START DATA TO PROCESS

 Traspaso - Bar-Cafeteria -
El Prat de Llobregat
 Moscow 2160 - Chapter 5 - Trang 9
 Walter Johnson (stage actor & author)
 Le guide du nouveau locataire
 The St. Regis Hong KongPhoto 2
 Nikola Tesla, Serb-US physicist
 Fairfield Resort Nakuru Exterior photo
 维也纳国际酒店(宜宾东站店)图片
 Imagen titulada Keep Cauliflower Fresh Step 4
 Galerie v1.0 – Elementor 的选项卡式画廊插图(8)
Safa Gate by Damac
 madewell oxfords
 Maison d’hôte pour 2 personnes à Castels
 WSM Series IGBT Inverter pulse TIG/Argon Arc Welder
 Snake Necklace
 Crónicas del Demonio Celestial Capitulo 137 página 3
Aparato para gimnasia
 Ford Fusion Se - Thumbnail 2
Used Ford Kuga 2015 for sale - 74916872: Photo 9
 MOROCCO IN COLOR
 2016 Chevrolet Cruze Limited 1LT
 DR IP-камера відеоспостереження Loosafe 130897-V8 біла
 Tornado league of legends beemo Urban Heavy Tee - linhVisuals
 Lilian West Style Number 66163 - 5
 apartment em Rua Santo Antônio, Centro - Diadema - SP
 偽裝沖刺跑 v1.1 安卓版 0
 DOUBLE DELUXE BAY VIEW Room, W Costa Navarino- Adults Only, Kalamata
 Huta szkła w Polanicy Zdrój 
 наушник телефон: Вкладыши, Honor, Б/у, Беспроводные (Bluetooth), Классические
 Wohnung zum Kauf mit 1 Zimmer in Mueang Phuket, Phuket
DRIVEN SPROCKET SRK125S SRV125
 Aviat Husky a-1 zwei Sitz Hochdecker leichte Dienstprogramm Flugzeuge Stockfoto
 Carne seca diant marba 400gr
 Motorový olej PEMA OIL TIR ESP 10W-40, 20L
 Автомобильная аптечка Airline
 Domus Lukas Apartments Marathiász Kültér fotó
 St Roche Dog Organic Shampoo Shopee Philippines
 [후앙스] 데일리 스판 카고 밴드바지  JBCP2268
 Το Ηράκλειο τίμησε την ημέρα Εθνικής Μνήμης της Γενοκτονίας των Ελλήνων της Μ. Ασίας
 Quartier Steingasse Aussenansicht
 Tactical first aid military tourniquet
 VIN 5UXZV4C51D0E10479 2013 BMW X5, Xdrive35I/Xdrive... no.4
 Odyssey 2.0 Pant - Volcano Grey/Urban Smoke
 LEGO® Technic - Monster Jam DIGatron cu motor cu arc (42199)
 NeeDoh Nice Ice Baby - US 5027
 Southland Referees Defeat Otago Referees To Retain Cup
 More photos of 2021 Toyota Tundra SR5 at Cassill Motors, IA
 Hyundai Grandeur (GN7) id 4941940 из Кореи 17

END DATA TO PROCESS

EXERCISE INSTRUCTIONS: Copy out each record exactly as given, omitting none.

RESULT OF THE TASK:
 Traspaso - Bar-Cafeteria -
El Prat de Llobregat
 Moscow 2160 - Chapter 5 - Trang 9
 Walter Johnson (stage actor & author)
 Le guide du nouveau locataire
 The St. Regis Hong KongPhoto 2
 Nikola Tesla, Serb-US physicist
 Fairfield Resort Nakuru Exterior photo
 维也纳国际酒店(宜宾东站店)图片
 Imagen titulada Keep Cauliflower Fresh Step 4
 Galerie v1.0 – Elementor 的选项卡式画廊插图(8)
Safa Gate by Damac
 madewell oxfords
 Maison d’hôte pour 2 personnes à Castels
 WSM Series IGBT Inverter pulse TIG/Argon Arc Welder
 Snake Necklace
 Crónicas del Demonio Celestial Capitulo 137 página 3
Aparato para gimnasia
 Ford Fusion Se - Thumbnail 2
Used Ford Kuga 2015 for sale - 74916872: Photo 9
 MOROCCO IN COLOR
 2016 Chevrolet Cruze Limited 1LT
 DR IP-камера відеоспостереження Loosafe 130897-V8 біла
 Tornado league of legends beemo Urban Heavy Tee - linhVisuals
 Lilian West Style Number 66163 - 5
 apartment em Rua Santo Antônio, Centro - Diadema - SP
 偽裝沖刺跑 v1.1 安卓版 0
 DOUBLE DELUXE BAY VIEW Room, W Costa Navarino- Adults Only, Kalamata
 Huta szkła w Polanicy Zdrój 
 наушник телефон: Вкладыши, Honor, Б/у, Беспроводные (Bluetooth), Классические
 Wohnung zum Kauf mit 1 Zimmer in Mueang Phuket, Phuket
DRIVEN SPROCKET SRK125S SRV125
 Aviat Husky a-1 zwei Sitz Hochdecker leichte Dienstprogramm Flugzeuge Stockfoto
 Carne seca diant marba 400gr
 Motorový olej PEMA OIL TIR ESP 10W-40, 20L
 Автомобильная аптечка Airline
 Domus Lukas Apartments Marathiász Kültér fotó
 St Roche Dog Organic Shampoo Shopee Philippines
 [후앙스] 데일리 스판 카고 밴드바지  JBCP2268
 Το Ηράκλειο τίμησε την ημέρα Εθνικής Μνήμης της Γενοκτονίας των Ελλήνων της Μ. Ασίας
 Quartier Steingasse Aussenansicht
 Tactical first aid military tourniquet
 VIN 5UXZV4C51D0E10479 2013 BMW X5, Xdrive35I/Xdrive... no.4
 Odyssey 2.0 Pant - Volcano Grey/Urban Smoke
 LEGO® Technic - Monster Jam DIGatron cu motor cu arc (42199)
 NeeDoh Nice Ice Baby - US 5027
 Southland Referees Defeat Otago Referees To Retain Cup
 More photos of 2021 Toyota Tundra SR5 at Cassill Motors, IA
 Hyundai Grandeur (GN7) id 4941940 из Кореи 17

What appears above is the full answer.